Exercise brief: Write out all the data verbatim. Skip images.

*** Opening of Input data ***

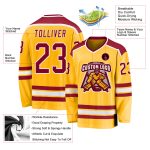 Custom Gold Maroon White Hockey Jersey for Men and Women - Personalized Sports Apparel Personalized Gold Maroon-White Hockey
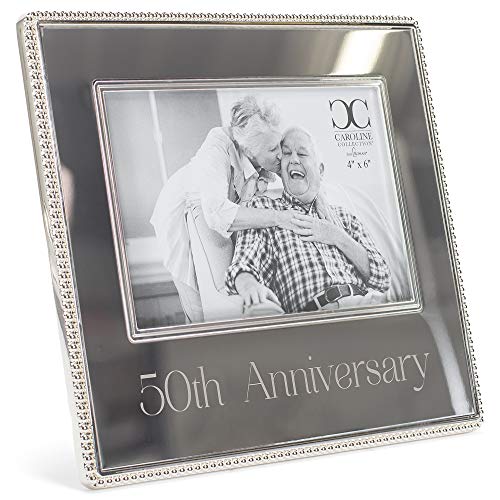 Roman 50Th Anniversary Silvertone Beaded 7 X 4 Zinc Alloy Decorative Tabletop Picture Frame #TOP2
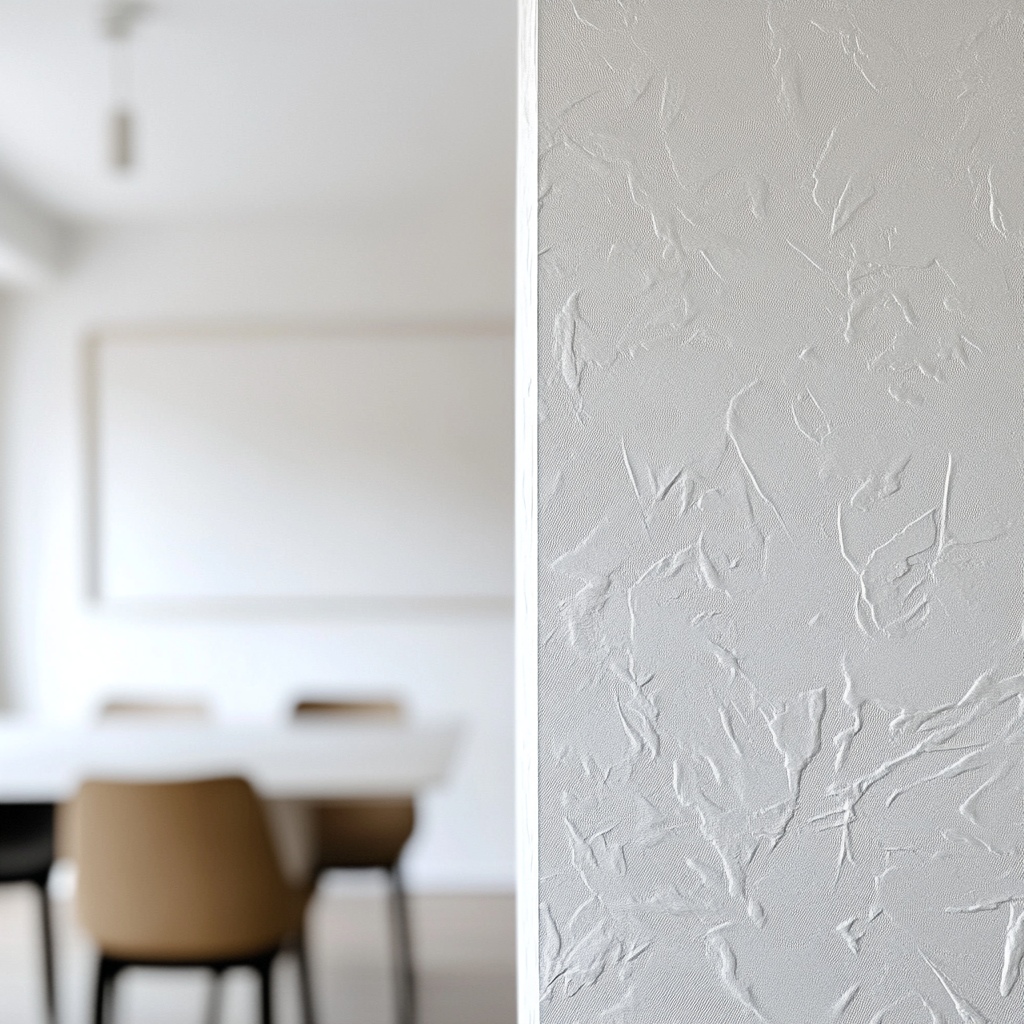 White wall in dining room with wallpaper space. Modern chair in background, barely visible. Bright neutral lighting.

*** Close of Input data ***

Solution to this task:
 Custom Gold Maroon White Hockey Jersey for Men and Women - Personalized Sports Apparel Personalized Gold Maroon-White Hockey
 Roman 50Th Anniversary Silvertone Beaded 7 X 4 Zinc Alloy Decorative Tabletop Picture Frame #TOP2
 White wall in dining room with wallpaper space. Modern chair in background, barely visible. Bright neutral lighting.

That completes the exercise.